I’m now in Jaipur, back from a whirlwind experience in Mumbai. Pallavi’s wedding was such a wonderful way to end my time here. It was a great location (Mumbai) with great people (her family plus Anjali, Lisa, Roberta, and Samantha) and tons of fun. In Indian weddings, the family all sleeps in the same room at night on the floor, they just crash for the night wherever they happen to fall asleep at whatever time they fall asleep. Pallavi was nice enough to let us stay with her family, and since hotels in Mumbai are extremely expensive and all of us are at a money crunch we readily took free housing. Unfortunately it led to some crazy sleepless nights and noise at all hours. The family stays up extremely late, while I had been absolutely exhausted since leaving Chittor a few days earlier. All the travel overnight on trains meant that I really needed some good sleep, but I never really rested for the whole three days we were in Mumbai. Everyone makes noise and laughs, children cry, adults play games. It seems that Indians have an ability to sleep anywhere under any circumstances because in a situation where it was impossible for me to fall asleep regardless of how exhausted I was, people were knocked out left and right.
I had been to Mumbai before, but the other American girls hadn’t, so I spent some time being the leader and showing them around. Mumbai is a great city, and it is one of the only places people don’t care that you are a foreigner; they just care if you are in their way. Sometimes it seems impossible that one billion people live in India, but in Mumbai it seemed that the whole of the country’s population reside there. There were faces EVERYWHERE. It was overwhelming especially because I don’t remember that many people being there the first time I came.
Pallavi’s wedding was a very posh affair, but subdued. This particular marriage was a love match, so there was no arrangement and things seemed to be a little more relaxed. There weren’t a lot of over-expressions of wealth; it was worn subtlety in different ways. The venue was nice, but not over the top; but the sari’s women were wearing were by far the most expensive of all that I have seen women wear in India in one place. There were two nights of ceremony that we attended. The first night was the “tikka” ceremony and a wedding singer/dance occurred. The experience felt a little like The Wedding Singer meets Bend it Like Beckham. We American girls had a grand time dressed in our saris sipping unlimited watermelon juice out of fancy cocktail glasses. Lisa said it was like “Sex and the City Does Mumbai” and she assigned us all personalities; Samantha was Samantha, Roberta was Miranda, Lisa was Carrie and I was Charlotte (which I think would make anyone who knows me laugh because it IS pretty accurate to my personality).

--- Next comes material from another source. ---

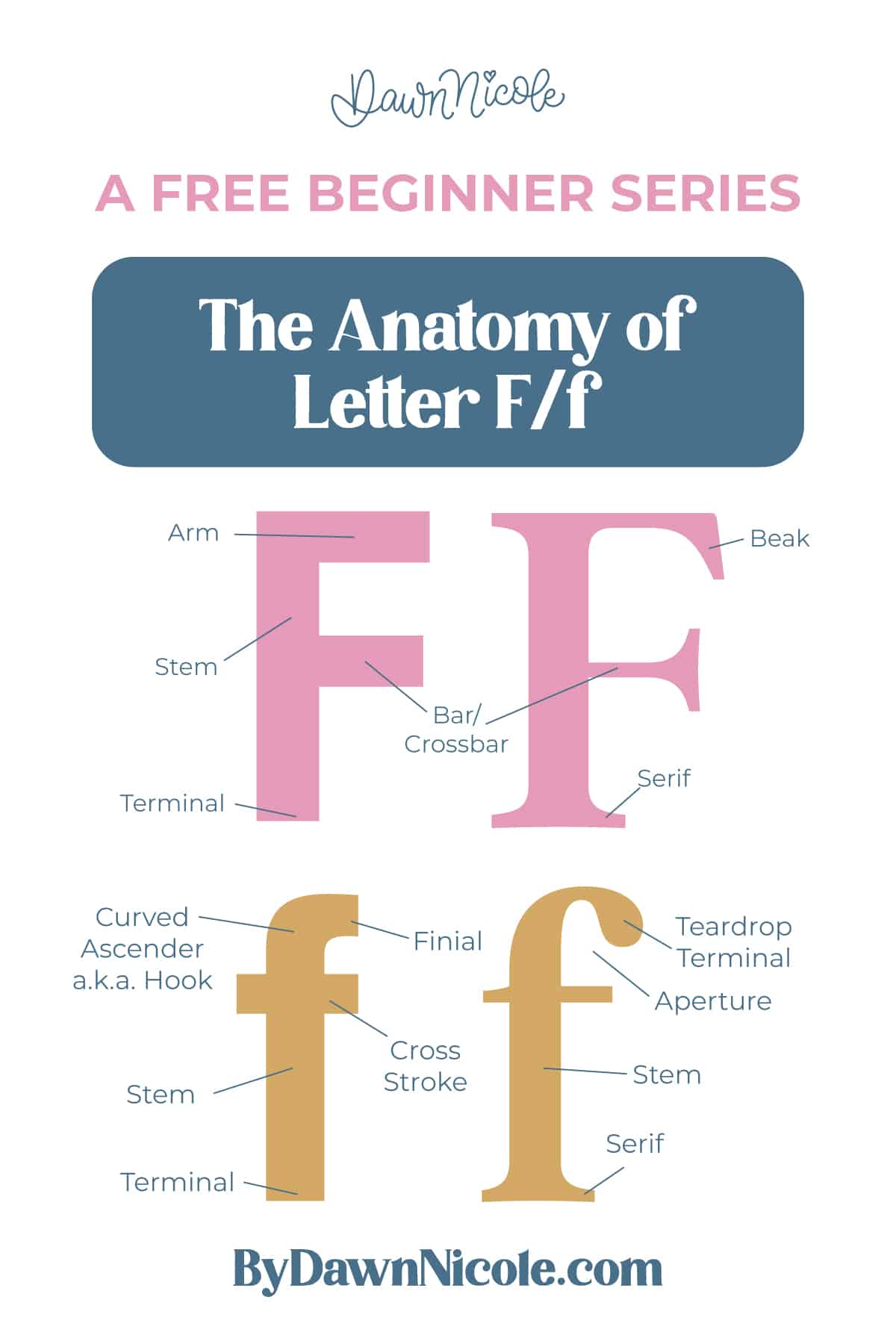 Anatomy of the Letter F. Learn the anatomy of the letter F, including uppercase and lowercase structures, key parts, and tips to improve your lettering!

The second night was the official wedding. On both occasions Pallavi looked incredible. Gorgeous. I am used to seeing Pallavi when she works, no makeup, no jewelry, in jeans or casual salwar suit; extremely low maintenance. But here she was, gussied up to the nines looking breathtaking. She looked like a completely different person, but they when she spoke or smiled I saw the Pallavi I was more accustomed to. The lenghas she wore for her ceremonies were beautiful, the jewelry was exquisite; I thought it was incredible.

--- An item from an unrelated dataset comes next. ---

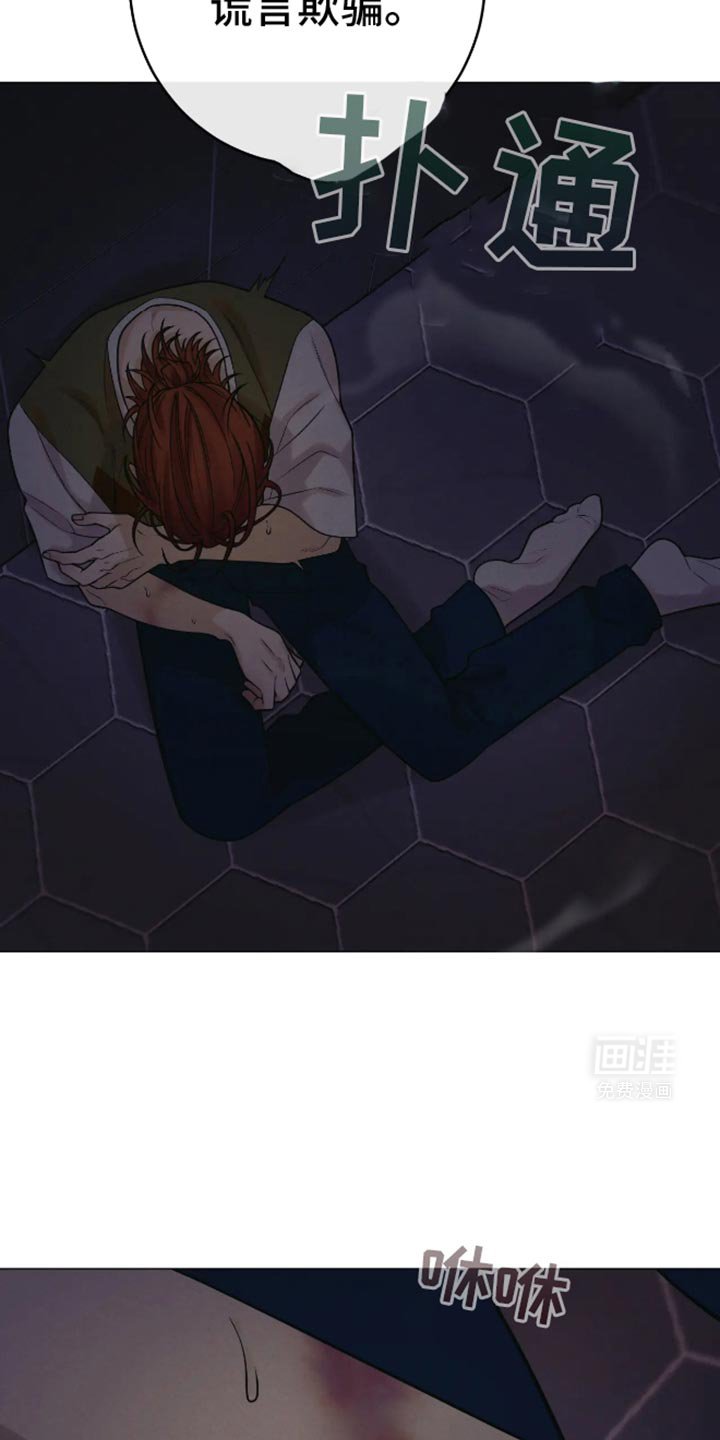 第29章：谎话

Most of the time a person attends an Indian wedding, people come to eat, have a picture with the bride and groom, and then leave. The actual ceremony usually takes place at an “auspicious” hour in the middle of the night. This was an occasion where they did the ceremony early in the evening, which was great because we watched Pallavi go from bride to wife. I had only seen the actual ceremony once, in Agra last October, even though I have been to a handful of weddings, so I was happy to see it again. The vows take place in Sanskrit/Hindi and the pundit speaks very quietly, so all of us had to have interpretations by other people as to what was going on. There was one point, after the sindoor had been placed, that Pallavi started laughing. I asked Anjali what was going on and she said that the pundit had been talking about the traditional roles and duties of a wife (aka the patriarchal stuff) and Pallavi had started giggling, then flat out laughed. Anjali practically fell out of her chair. Even though it didn’t surprise either of us that she would laugh in the face of patriarchy, that she would do it at her wedding in front of her husband’s family WAS surprising. But, that was Pallavi. At one point her sister-in-law was trying to give her instructions like, “look down, be shy, be coy” but Pallavi snapped at her and stated she would be herself.
The wedding was odd for me because I have known Pallavi for so long, but I will never know her as a married woman. I am leaving now, and who knows whether I will see her again and in what context. Seeing her as a bride was somewhat surreal, but I am extremely happy for her and I hope she enjoys this new part of her life.
As for me, I am in Jaipur now. I arrived last night at about 8 p.m. after spending nearly two days on a bus (28 hours on and off) to get here. I have a little bit of a seminar here, some last minute errands to run and then I am off, back to America. Unbelievable. It is so odd to think that I have been here so long.
When I first came here, I felt like I had to create my life. And I did that; I made my experience in India my life, my host family was my family, my job was my job. And now I have to realize that all of this is in fact NOT my life and that my REAL life, the one I am trying to build by being here, is actually in America. And I am returning to it on Saturday. (I think you can visualize my mother jumping for joy!)